Whether to store the response. When set to false, the response will not be stored and will not be retrievable via the API. This is useful for ephemeral or sensitive data. See an example in our Controlling Response Storage cookbook. Default is True.

stream

boolean | null

default:false

Whether to stream the response back as Server-Sent Events (SSE). When true, tokens are sent incrementally as they are generated. Default is False.

temperature

number | null

default:1

The sampling temperature to use, between 0 and 2. Higher values like 0.8 make output more random, while lower values like 0.2 make it more focused and deterministic. Default is 1.0.

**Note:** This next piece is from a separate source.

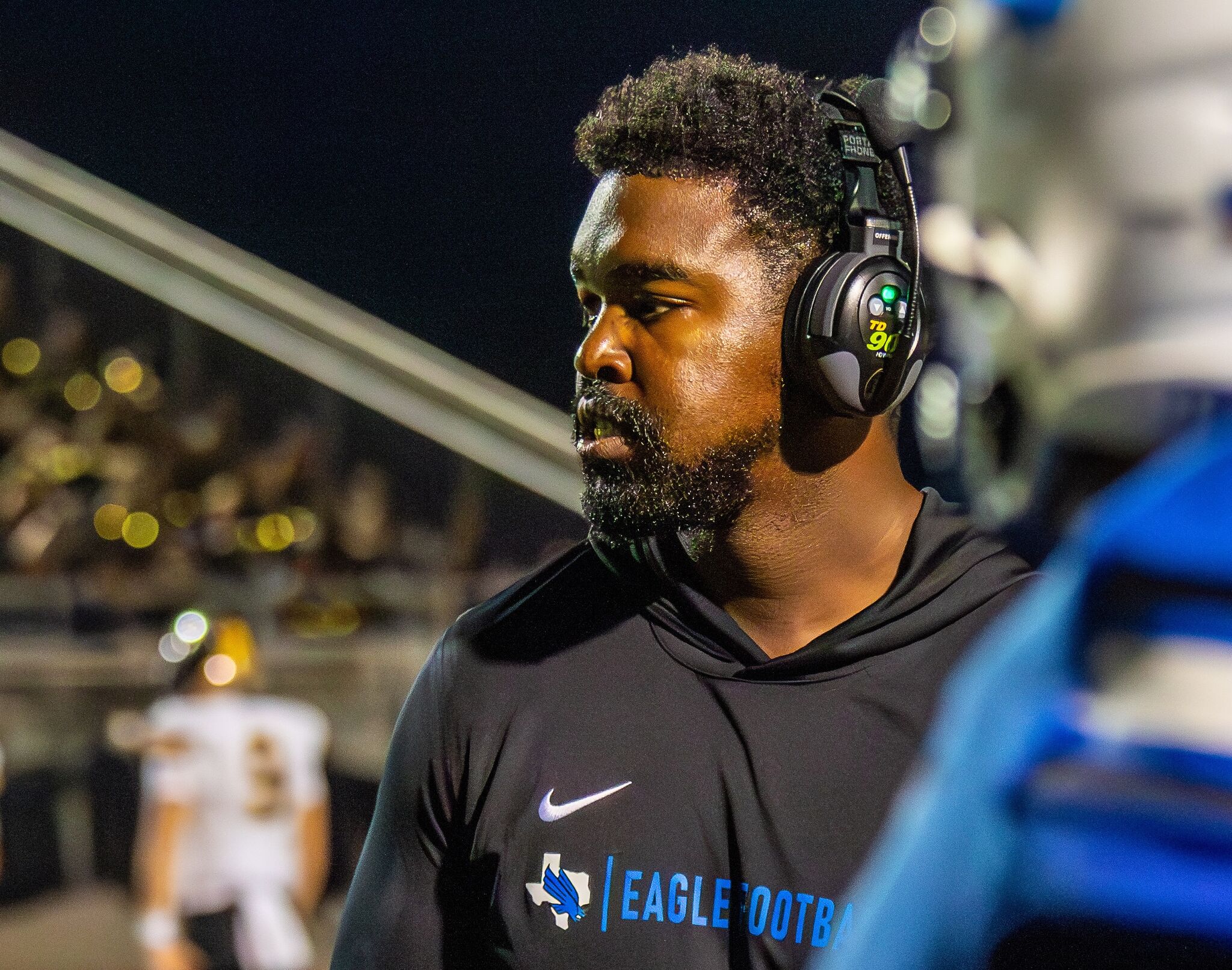 chron.com - Leah Vann - His students didn't know their economics teacher played QB at Texas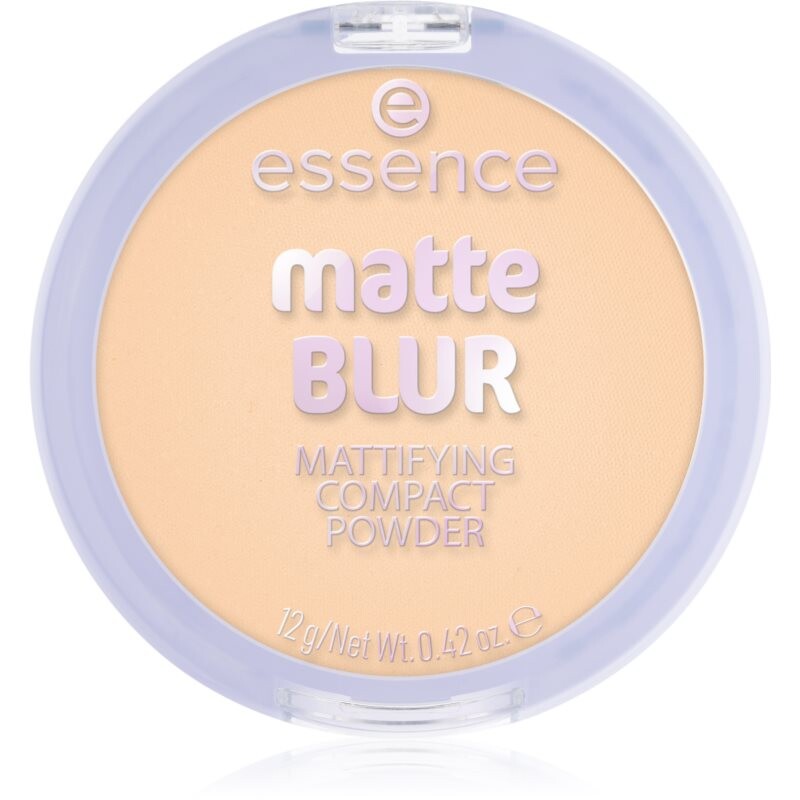 essence matte BLUR compact powder with mattifying effect shade 20 12 g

Required range: 0 <= x <= 2

text

object | null

Text generation configuration parameters. Used for advanced text generation settings.

tool_choice

default:auto

Controls which (if any) tool the model should use. Can be 'none' (never call tools), 'auto' (model decides), 'required' (must call at least one tool), or an object specifying a particular tool to call. Default is 'auto'.

tools

Tools · object[] | null

A list of MCP tools the model may call. See our cookbooks for examples on basic MCP usage and streaming with MCP.

top_p

number | null

default:1

An alternative to temperature sampling, called nucleus sampling, where the model considers the results of tokens with top_p probability mass. So 0.1 means only tokens comprising the top 10% probability mass are considered. Default is 1.0. We generally recommend altering this or temperature but not both.

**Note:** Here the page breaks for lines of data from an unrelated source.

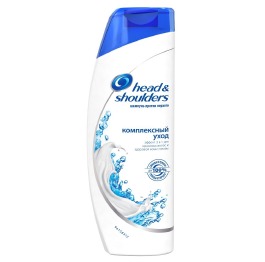 Шампунь против перхоти Head & Shoulders Комплексный уход 400 мл.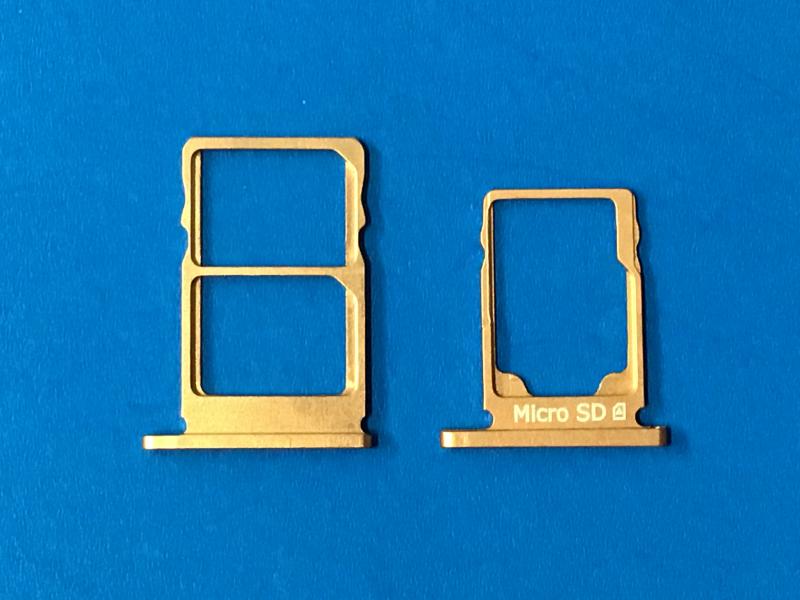 BANDEJA SIM MICRO SD NOKIA 5.1 NARANJA METAL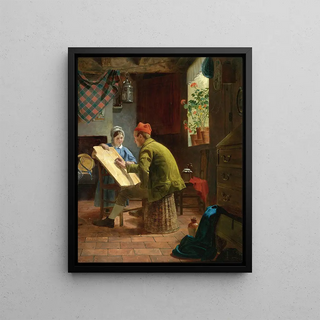 James Collinson - The Writing Lesson.webp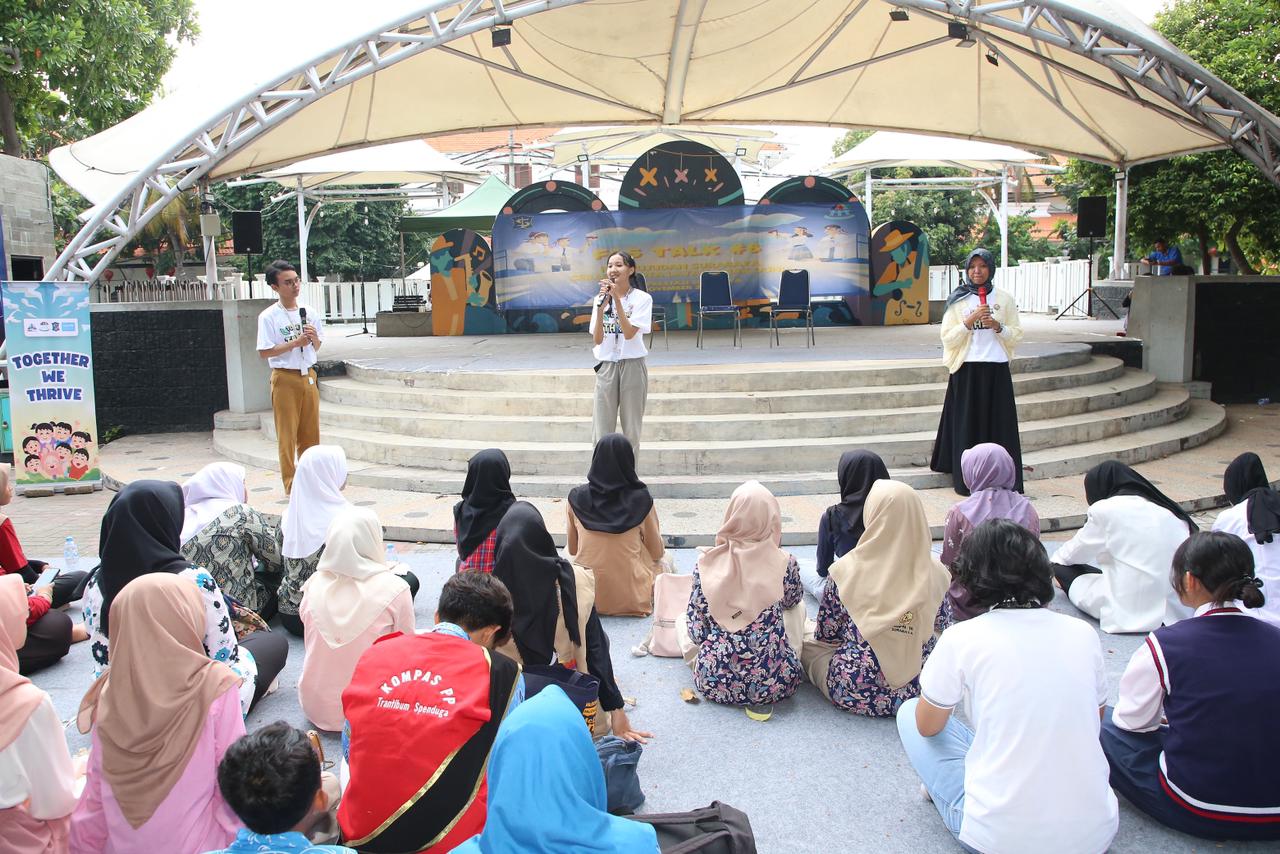 Perkuat Mental Remaja, Pemkot Surabaya Beri Pembekalan bersama UNICEF dan PLATO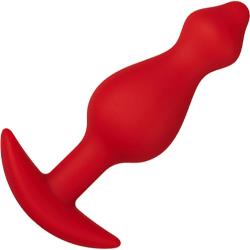 Forto F-78 Pointee Anal Plug, 3.6 Inch, Red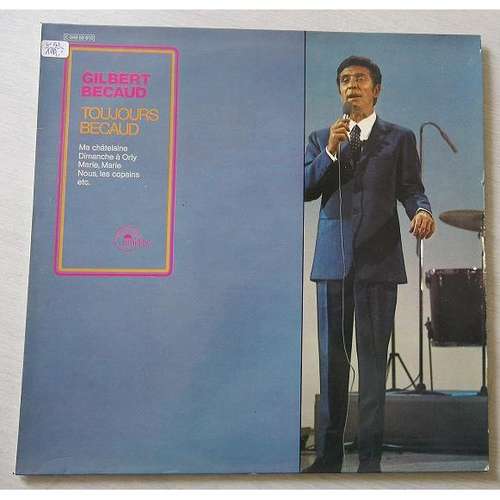Cover Gilbert Becaud* - Toujours Becaud (LP, Comp) Schallplatten Ankauf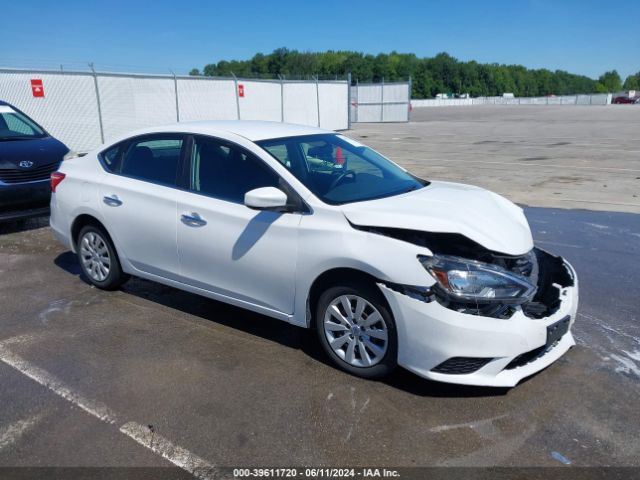 nissan sentra 2019 3n1ab7ap2ky277960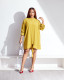 Loose And Casual Elegant Long-sleeved Dress
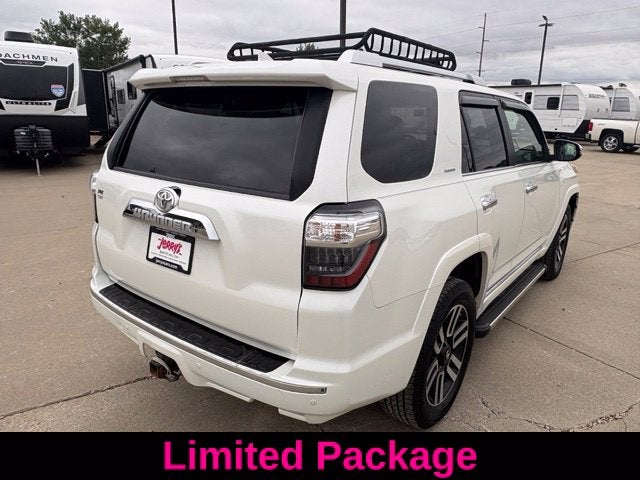 2017 Toyota 4Runner Limited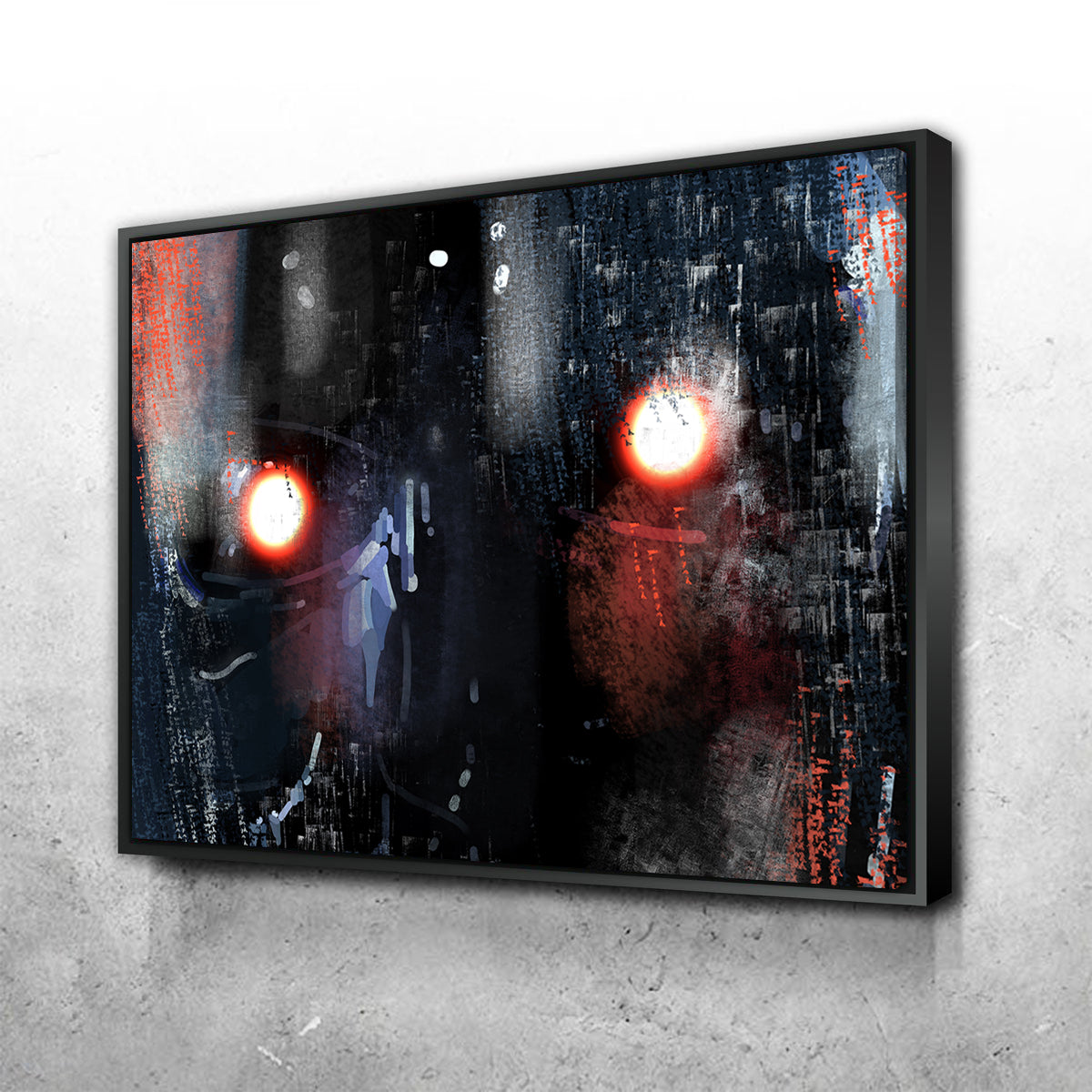 Terminator Eyes Wall Art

Required range: 0 <= x <= 1

truncation

string | null

default:disabled

The truncation strategy to use for the context when it exceeds the model's maximum length. Can be 'auto' (automatically truncate) or 'disabled' (return error if context too long). Default is 'disabled'.

user

string | null

A unique identifier representing your end-user, which can help Fireworks to monitor and detect abuse. This can be a username, email, or any other unique identifier.

Response

Successful Response

Represents a response object returned from the API.

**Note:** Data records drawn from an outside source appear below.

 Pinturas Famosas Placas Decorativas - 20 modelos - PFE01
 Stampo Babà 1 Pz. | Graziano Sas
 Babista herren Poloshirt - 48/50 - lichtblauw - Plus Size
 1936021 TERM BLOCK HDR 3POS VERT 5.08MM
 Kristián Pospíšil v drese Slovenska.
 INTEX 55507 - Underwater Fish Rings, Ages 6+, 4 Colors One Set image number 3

A response includes the model output, token usage, configuration parameters, and metadata about the conversation state.

created_at

integer

required

The Unix timestamp (in seconds) when the response was created.

status

string

required

The status of the response. Can be 'completed', 'in_progress', 'incomplete', 'failed', or 'cancelled'.

model

string

required

The model used to generate the response (e.g., accounts/<ACCOUNT_ID>/models/<MODEL_ID>).

output

Output · array

required

An array of output items produced by the model. Can contain messages, tool calls, and tool outputs.

Message
ToolCall
ToolOutput

Show child attributes

string | null

The unique identifier of the response. Will be None if store=False.

object

string

default:response

The object type, which is always 'response'.

previous_response_id

string | null

The ID of the previous response in the conversation, if this response continues a conversation.

usage

object | null

Token usage information for the request. Contains 'prompt_tokens', 'completion_tokens', and 'total_tokens'.

error

object | null

Error information if the response failed. Contains 'type', 'code', and 'message' fields.

incomplete_details

object | null

Details about why the response is incomplete, if status is 'incomplete'. Contains 'reason' field which can be 'max_output_tokens', 'max_tool_calls', or 'content_filter'.

instructions

string | null

System instructions that guide the model's behavior. Similar to a system message.

max_output_tokens

integer | null

The maximum number of tokens that can be generated in the response. Must be at least 1.

max_tool_calls

integer | null

The maximum number of tool calls allowed in a single response. Must be at least 1.

Required range: x >= 1

parallel_tool_calls

boolean

default:true

Whether to enable parallel function calling during tool use. Default is True.

reasoning

object | null

Reasoning output from the model, if reasoning is enabled. Contains 'content' and 'type' fields.

store

boolean | null

default:true

Whether to store this response for future retrieval. If False, the response will not be persisted and previous_response_id cannot reference it. Default is True.

temperature

number

default:1

The sampling temperature to use, between 0 and 2. Higher values like 0.8 make output more random, while lower values like 0.2 make it more focused and deterministic. Default is 1.0.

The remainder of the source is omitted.